(Brief descriptive captions)
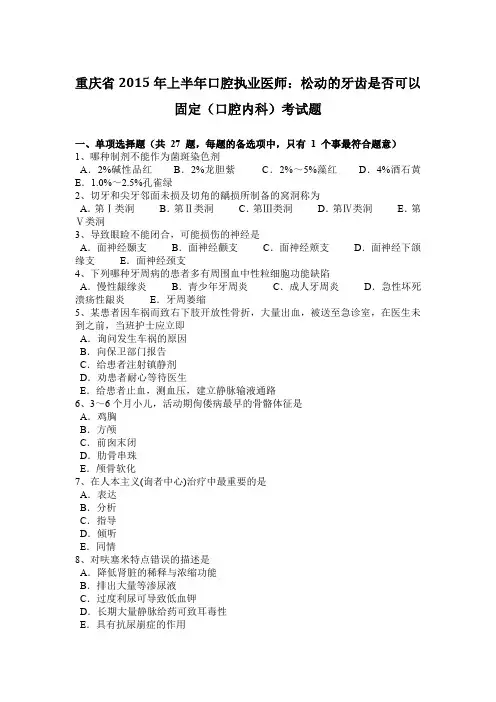 重庆省2015年上半年口腔执业医师：松动的牙齿是否可以固定(口腔内科)考试题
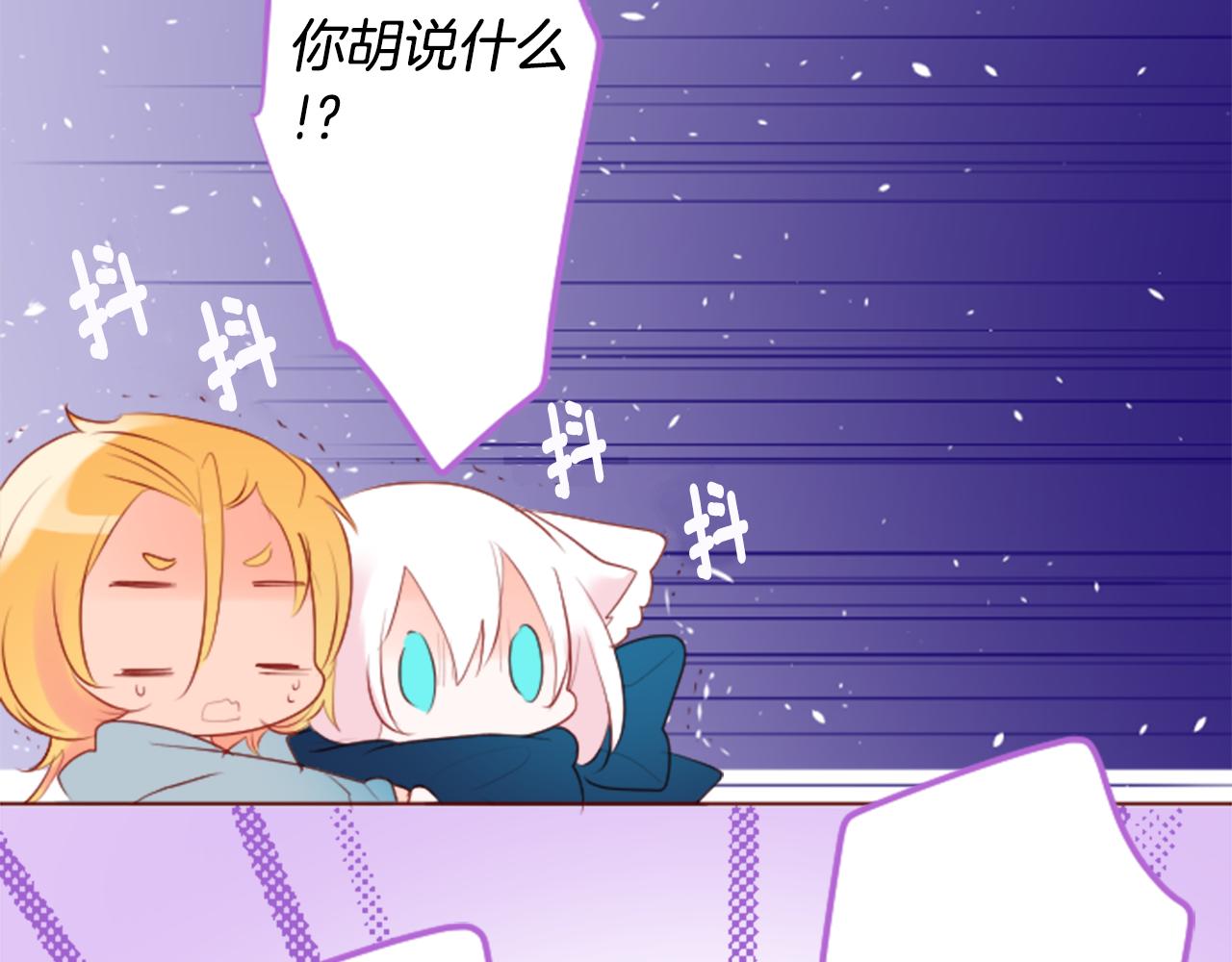 第161话 小心点公主殿下32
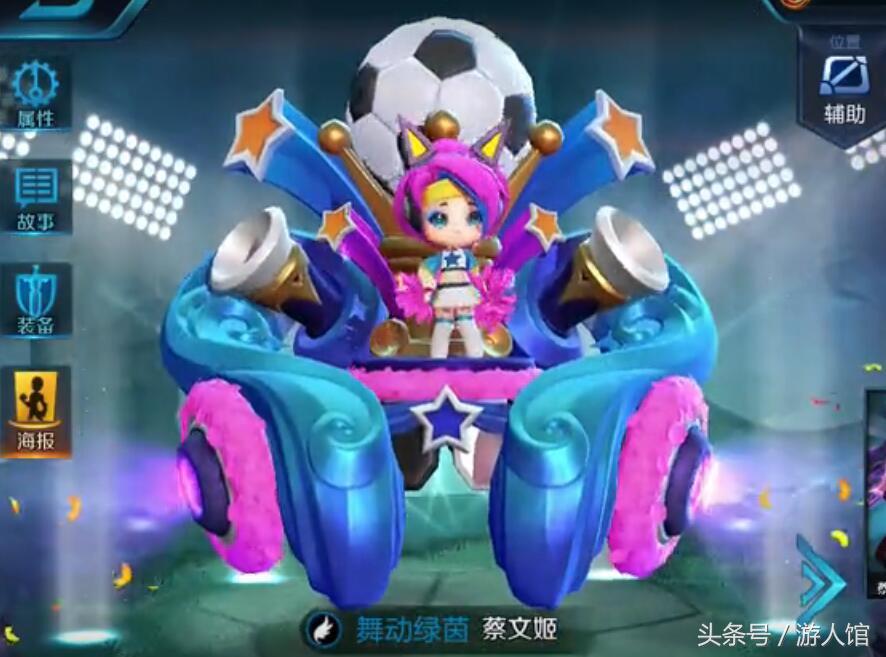 王者荣耀全部关于足球的皮肤,王者荣耀2020年世冠杯皮肤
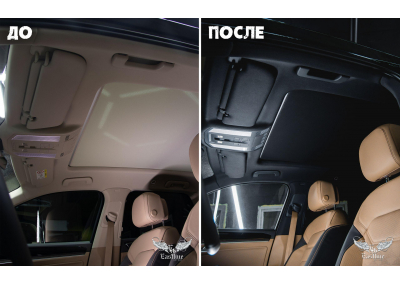 VW Touareg - Перетяжка потолка в потолочную ткань 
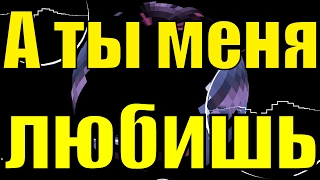 Песня А ты меня любишь Песни детские про любовь для детей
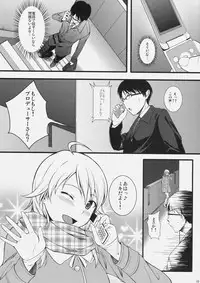 (C79) [Count2.4 (Nishi)] Continuation (THE iDOLM@STER)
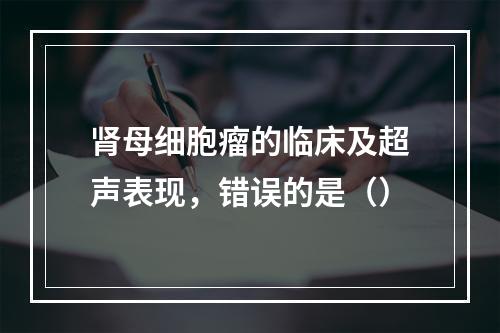 肾母细胞瘤的临床及超声表现，错误的是（）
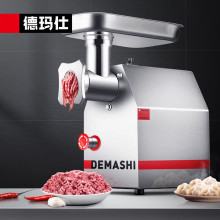 德玛仕DEMASHI大功率绞肉机商用灌肠机搅肉机碎肉机【铜芯电机】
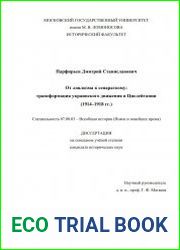 От лоялизма к сепаратизму трансформация украинского движения в Цислейтании (1914–1918 гг.)
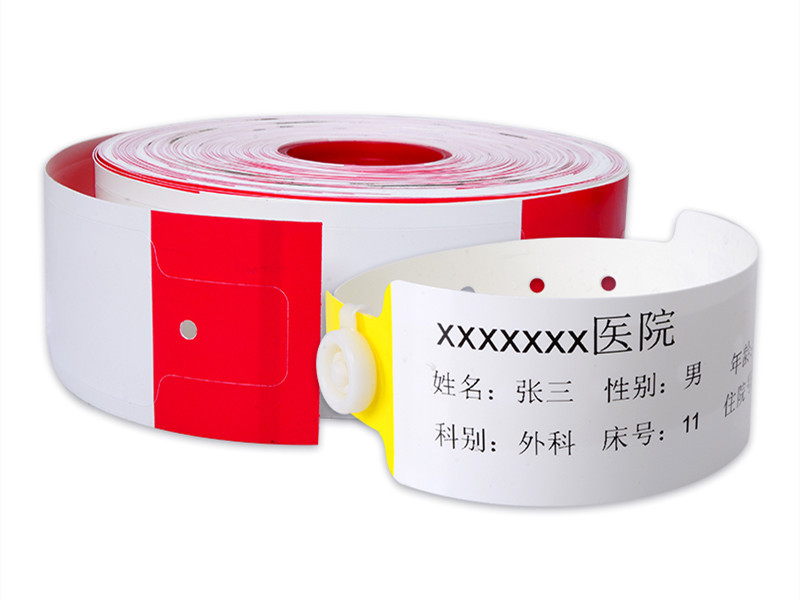 條碼腕帶 一次性醫(yī)用手腕帶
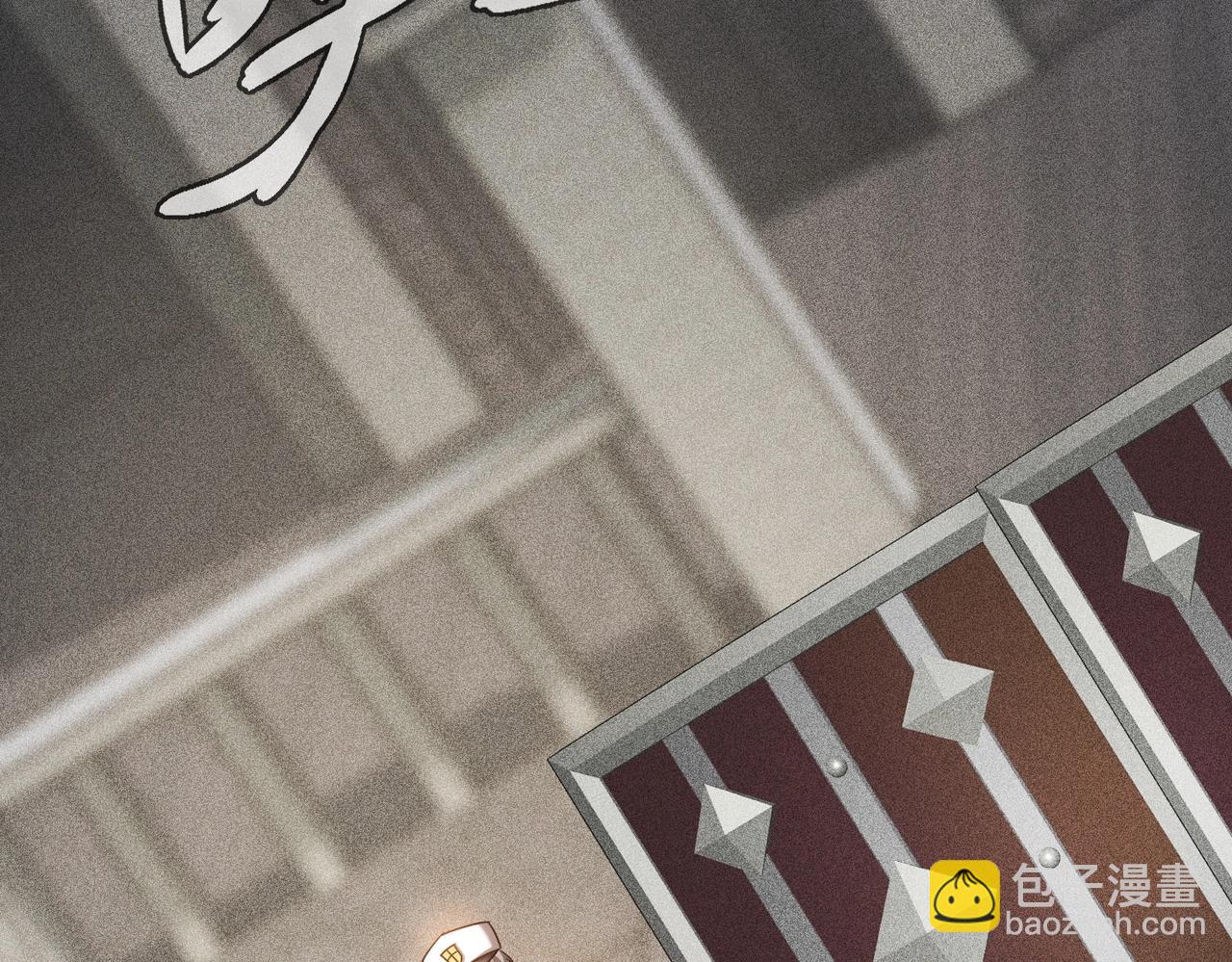 最強玩家 - 第9話 故友與決心(1/5) - 6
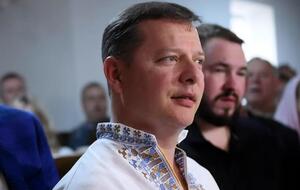 В октябре 2017 года Ляшко задекларировал три выигрыша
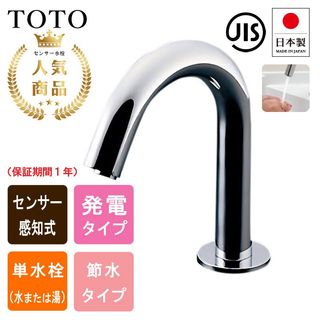 （分類：）位於 。 由 katuhc 提交（商品編號 1420142501，圖片 1）。簡介： 。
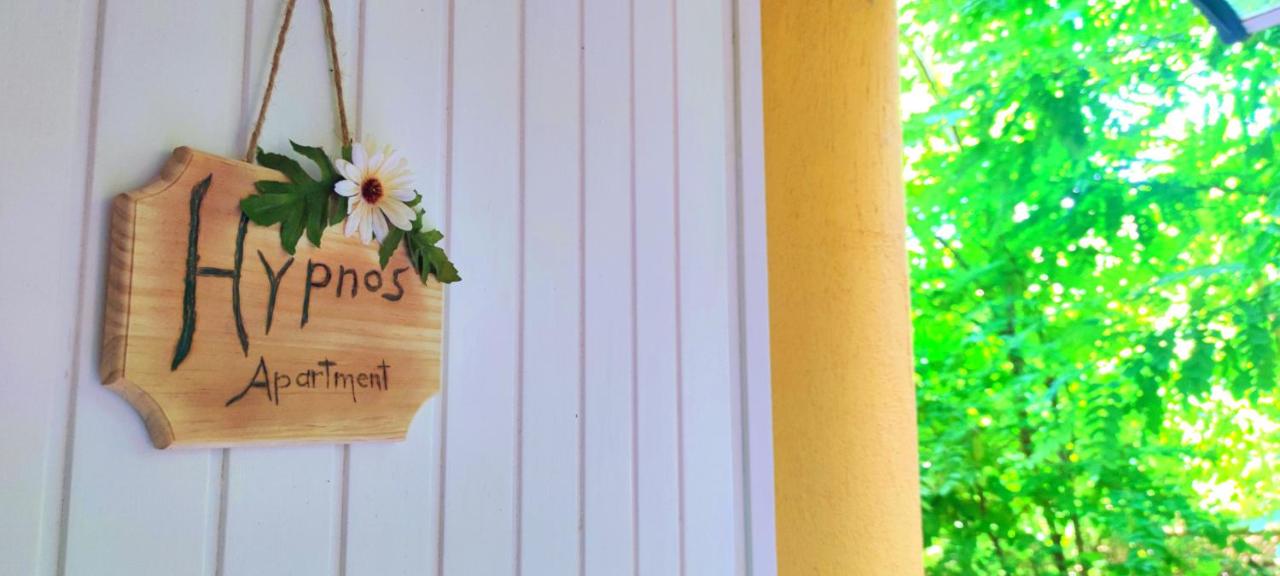 Hypnos Sleep and Go - Ferienwohnung Benevent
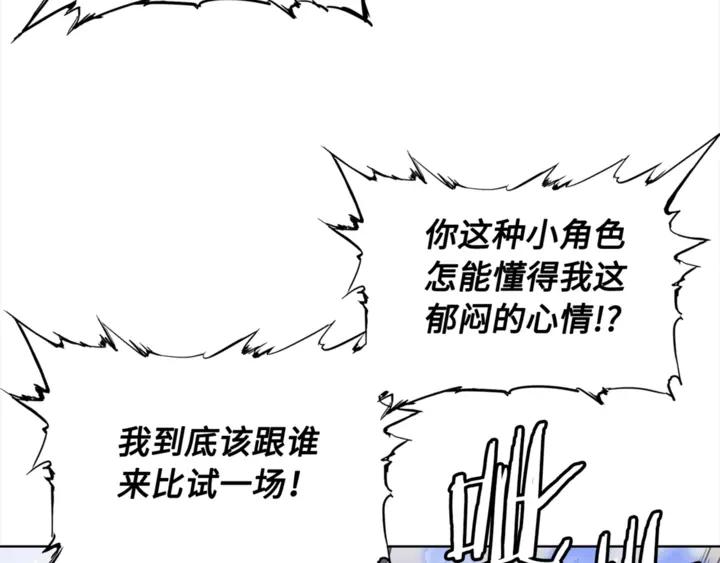 Sword Sheath's Child Ch.31 p65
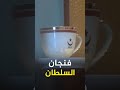 زيارتي لحفيدة السلطان عبدالحميد الثاني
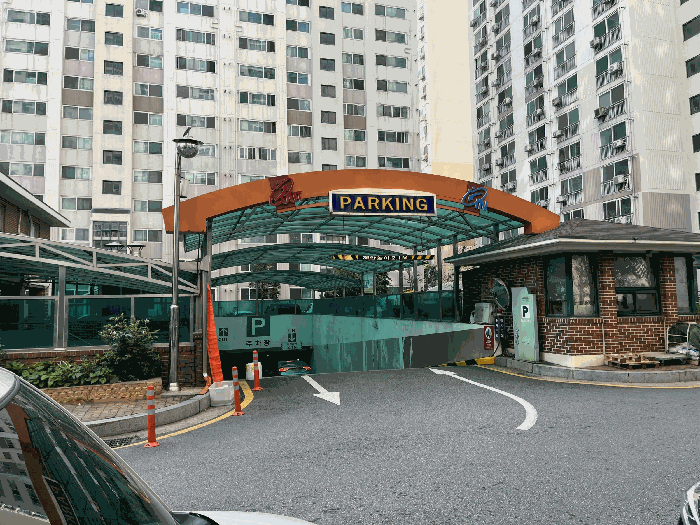 지하주차장 출입구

▸ Aim of the exercise
Please set down only the lines from the one containing "(C79) [Count2.4 (Nishi)]" through the end of the entries, exactly as they stand, both ends included and with no pictures.

▸ Answer section
 (C79) [Count2.4 (Nishi)] Continuation (THE iDOLM@STER)
 肾母细胞瘤的临床及超声表现，错误的是（）
 德玛仕DEMASHI大功率绞肉机商用灌肠机搅肉机碎肉机【铜芯电机】
 От лоялизма к сепаратизму трансформация украинского движения в Цислейтании (1914–1918 гг.)
 條碼腕帶 一次性醫(yī)用手腕帶
 最強玩家 - 第9話 故友與決心(1/5) - 6
 В октябре 2017 года Ляшко задекларировал три выигрыша
 （分類：）位於 。 由 katuhc 提交（商品編號 1420142501，圖片 1）。簡介： 。
 Hypnos Sleep and Go - Ferienwohnung Benevent
 Sword Sheath's Child Ch.31 p65
 زيارتي لحفيدة السلطان عبدالحميد الثاني
 지하주차장 출입구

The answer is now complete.